The euro dodged another bullet with today’s decision by Germany’s constitutional court not to block the creation of a European Stability Mechanism, the latest just-in-time measure by the continent’s leaders to save the currency. That’s good news, but not enough.
Far from being reassured, Chancellor Angela Merkel should take the decision as the starting point for a campaign to explain to Germans why saving the euro is in their best interest. If that doesn’t work, she should call a referendum on Europe.
Had the judges in Karlsruhe refused to allow the fund’s ratification, Europe’s already sick economy could have imploded, dragging down the rest of the world with it. So the ruling came as a huge relief, cheering the equity markets and boosting the euro.

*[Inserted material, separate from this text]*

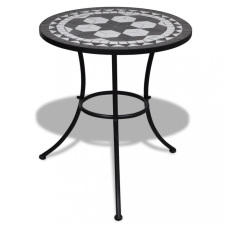 vidaXL fekete és fehér mozaik bisztró asztal 60 cm kerti bútor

But the case also shows that Germans remain reluctant as a nation to do “whatever it takes,” in the words of European Central Bank President Mario Draghi, to rescue the common currency. That reluctance on the part of the euro area’s main creditor will probably continue to prevent a lasting solution to the debt crisis.
That needs to change, and the spectacle of global markets, governments and central banks awaiting the words of eight Germans dressed in red robes and white bibs helps explain why.
The constitutional court placed a heavy condition on its approval of the ESM’s ratification by Germany. Any action by the fund that would increase German liability, beyond the country’s 190 billion-euro ($245 billion) capital commitment, would now require German parliamentary approval. That’s a high hurdle that Merkel will try to avoid because her party has proved reluctant to make such politically unpopular moves. If the 500 billion-euro fund doesn’t look big enough at any point, that will perpetuate uncertainty in financial markets over whether Europe will do what’s needed to underwrite Greece, Italy, Portugal or Spain.
It’s understandable that Germans want to control a process that could impose unlimited liability on their economy for the mistakes of others. But as we have argued before, a distorted narrative has taken hold in Germany that has led to a failure to understand how Germans benefited from the euro; how their exporting success contributed to southern debt troubles; and how German banks (which by 2009 had lent $704 billion to Greece, Ireland, Italy, Portugal and Spain) gained from the subsequent bailouts.
More worrying for the future is a popular failure to recognize that a euro collapse would probably cost Germans a great deal more than would a full commitment to rescue troubled governments. Bloomberg View has calculated that had a permanent federal transfer system of the kind that exists between states in the U.S. been set up in 2001, the total cost to Germany by 2012 would have been roughly 11 billion euros, or about 0.03 percent of gross domestic product. Of course, that fund doesn’t exist, so the costs of fixing the euro as a result of the current crisis would be much higher -- but again, not as high as the economic collapse that a euro-area breakup might trigger.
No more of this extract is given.